La segnaletica crea comunità

La segnaletica digitale e il wayfinding creano un livello di connessione che permette agli spazi e alle comunità di continuare a funzionare mentre si evolvono. Guidano le persone all’interno degli ambienti, riducono la confusione e garantiscono che le informazioni arrivino rapidamente a chi ne ha bisogno.

Allo stesso tempo, però, non si limitano a fornire indicazioni. Gli stessi sistemi possono:

  • Diffondere messaggi importanti del governo, come aggiornamenti sulla sicurezza o avvisi
  • Realizza campagne che facciano sentire le persone motivate e coinvolte come membri della comunità
  • Aumenta la spesa dei clienti rendendo più facile interagire con la tua attività

È qui che la segnaletica passa dall’apparenza alla sostanza.

La confusione porta a stress, code, perdita di ricavi e una percezione negativa del marchio. Un’infrastruttura di segnaletica chiara e ben integrata migliora il flusso, infonde fiducia e fa sì che gli ambienti funzionino come dovrebbero.

Il divario non sta nell’hardware. Il divario sta nell’integrazione digitale e nel dare priorità all’esperienza dell’utente.

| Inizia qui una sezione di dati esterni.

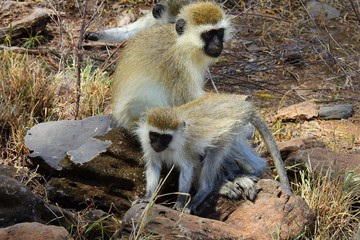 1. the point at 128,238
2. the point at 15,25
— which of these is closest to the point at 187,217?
the point at 128,238

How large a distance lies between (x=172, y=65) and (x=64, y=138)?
1.17 m

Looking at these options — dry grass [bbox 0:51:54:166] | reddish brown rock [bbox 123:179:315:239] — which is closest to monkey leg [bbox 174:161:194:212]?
reddish brown rock [bbox 123:179:315:239]

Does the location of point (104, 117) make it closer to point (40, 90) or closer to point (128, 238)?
point (40, 90)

Le economie del Medio Oriente stanno innovando – e ci stanno riuscendo

Questo approccio è già evidente in tutta la regione.

Blue Rhine Industries è orgogliosa di essere stata il partner di riferimento per la segnaletica e l’orientamento in progetti come la Fontana di Dubai e il King Abdullah Financial District di Riyadh. Non si tratta solo di semplici installazioni: dimostrano come la segnaletica diventi parte integrante di un ecosistema digitale più ampio.

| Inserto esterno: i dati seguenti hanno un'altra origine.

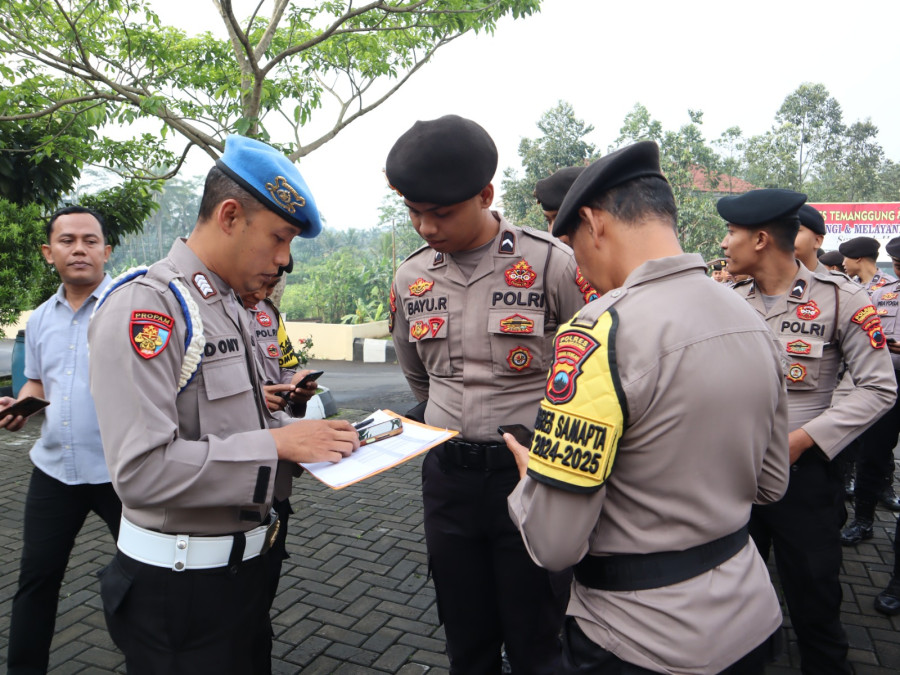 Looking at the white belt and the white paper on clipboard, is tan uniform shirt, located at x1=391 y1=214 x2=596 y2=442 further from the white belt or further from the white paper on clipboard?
the white belt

Alla Dubai Fountain, durante i lavori di ristrutturazione, è stato installato lo schermo digitale più grande del mondo per mantenere vivo l’interesse all’interno dello spazio. Anziché creare un vuoto nell’esperienza offerta da questa iconica attrazione turistica, l’area intorno alla fontana è rimasta interattiva, creando un’esperienza visiva mozzafiato e continuando a incantare i visitatori.

Al King Abdullah Financial District, un complesso di 1,6 milioni di metri quadrati che offre un mix di esperienze culturali, gastronomiche, d’affari e di svago, il sistema di segnaletica digitale aiuta a orientarsi in un ambiente molto complesso. È anche il più grande complesso al mondo ad aver ottenuto la certificazione LEED Platinum.

È così che la segnaletica contribuisce allo sviluppo della comunità e dell’economia, passando da singoli punti di contatto a qualcosa di molto più coeso e significativo.

Approfondimenti alla conferenza FESPA

Durante la mia sessione, ti racconterò cosa ho imparato lavorando in questa regione e come questa esperienza abbia influenzato la mia visione della trasformazione digitale.

La sessione verterà sul motivo per cui il Medio Oriente sta aprendo la strada al futuro del digital signage e su come stanno mettendo in pratica l’innovazione. Attingendo alle esperienze maturate nel mio lavoro, illustrerò come il digital signage intelligente e la segnaletica direzionale possano essere integrati in contesti urbani complessi e cosa questo significhi per il futuro delle comunità.

I partecipanti acquisiranno una visione pratica di ciò che funziona, di ciò che favorisce la crescita e di come questi approcci possano essere applicati in contesti diversi in tutto il mondo.

Ma soprattutto, questa sessione metterà in discussione il nostro modo di concepire la segnaletica digitale e ci spingerà a continuare a innovare.